If you know the bound is not exceeding the length of the slice then you can opt out to avoid the Bound check by explicitly using an unsafe block. Now the guarantee is up to you not to cause the undefined behavior.

fn main(){
 let  mut slice = [1,2,4,5];
 //This is not bound-checked but safe.
 unsafe {
     println!("{}",slice.get_unchecked(3));
 }
  //This is undefined behavior.
 unsafe{
    println!("{:?}",slice.get_unchecked(4));
 }
 //modifying elements that do not belong to the slice 
 //data structure.
 unsafe{
     *slice.get_unchecked_mut(5) +=1;
 }
 println!("{:?}",slice);
}

The secondget_unchecked version returns a random value that is not our data and causes undefined behavior.

At compile time we know the slice starting address and len of the slice. We can use this information to prevent out-of-bound access at compile time rather than runtime.

Static Slicing library uses the trait **associated const and const generics to prevent invalid index at compile time. Using this library we can prevent compiling if the index is out of bounds.

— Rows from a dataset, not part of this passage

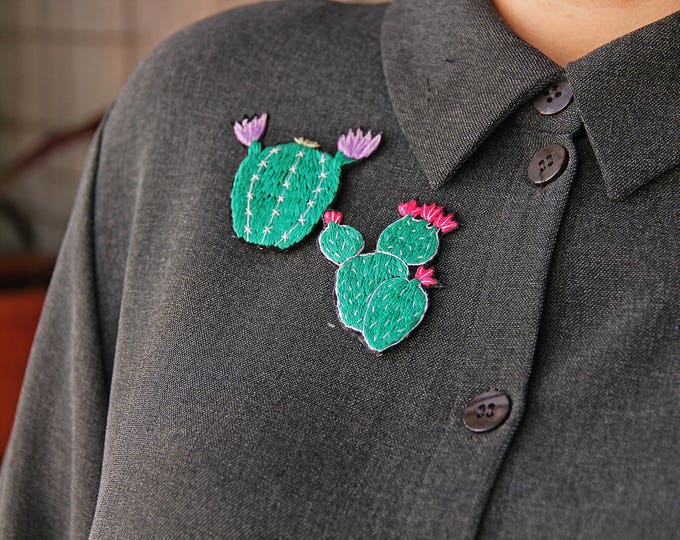 Cactus brooch Succulent jewelry pin Embroidered brooch Cactus embroidery Succulent lapel collar pin Cactus lover gift Nature inspired pin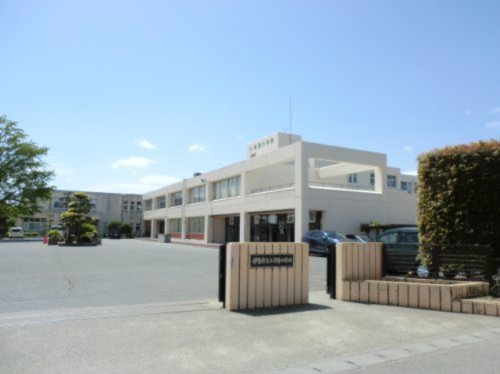 【小学校】伊勢崎市立宮郷小学校まで551ｍ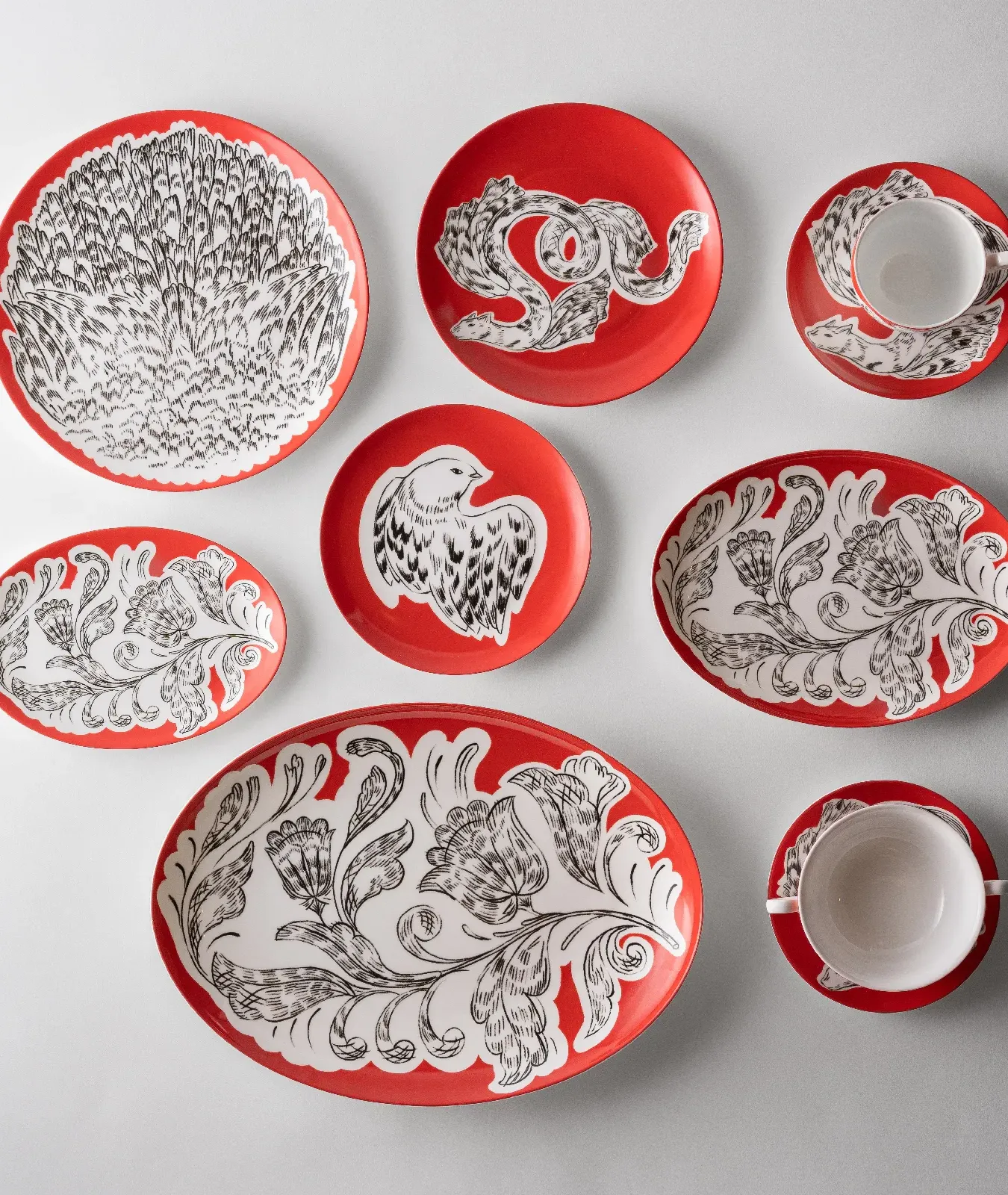 Супница порционная с подстановочным блюдцем, коллекция «Перья на красном»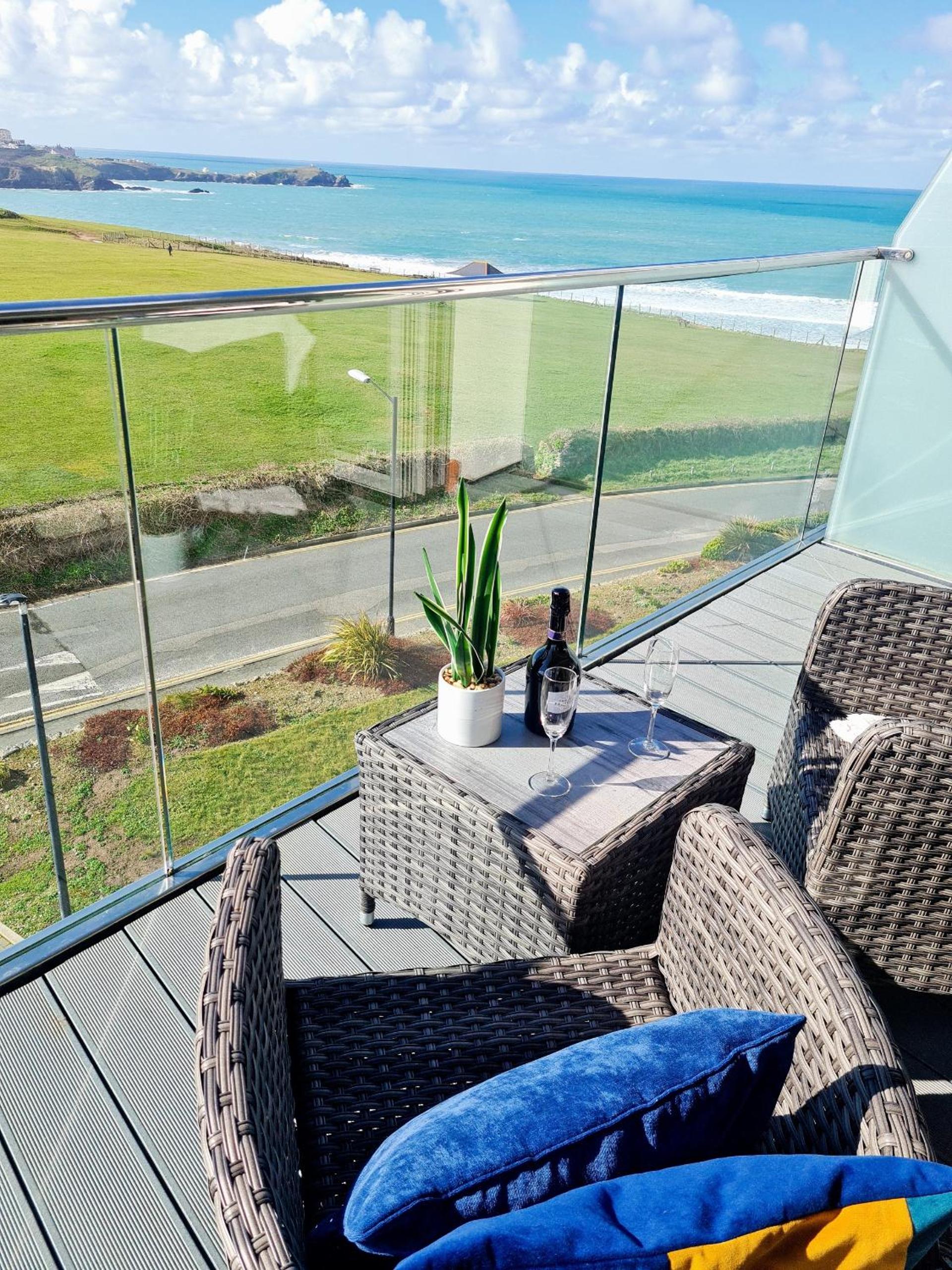Lowen, 1 Lusty glaze, Newquay, Cornwall view 3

This is not absolutely necessary for all tasks anyway.

use static_slicing::{StaticIndex, StaticRangeIndex};
fn main() {
    let array = [1,2,3,4,5];
    //compile time panic.
    println!("{}",array[StaticIndex::<6>]);
    //compile time panic.
    println!("{:?}",&array[StaticRangeIndex::<0,6>]);
}

The above code wouldn't even compile without an error.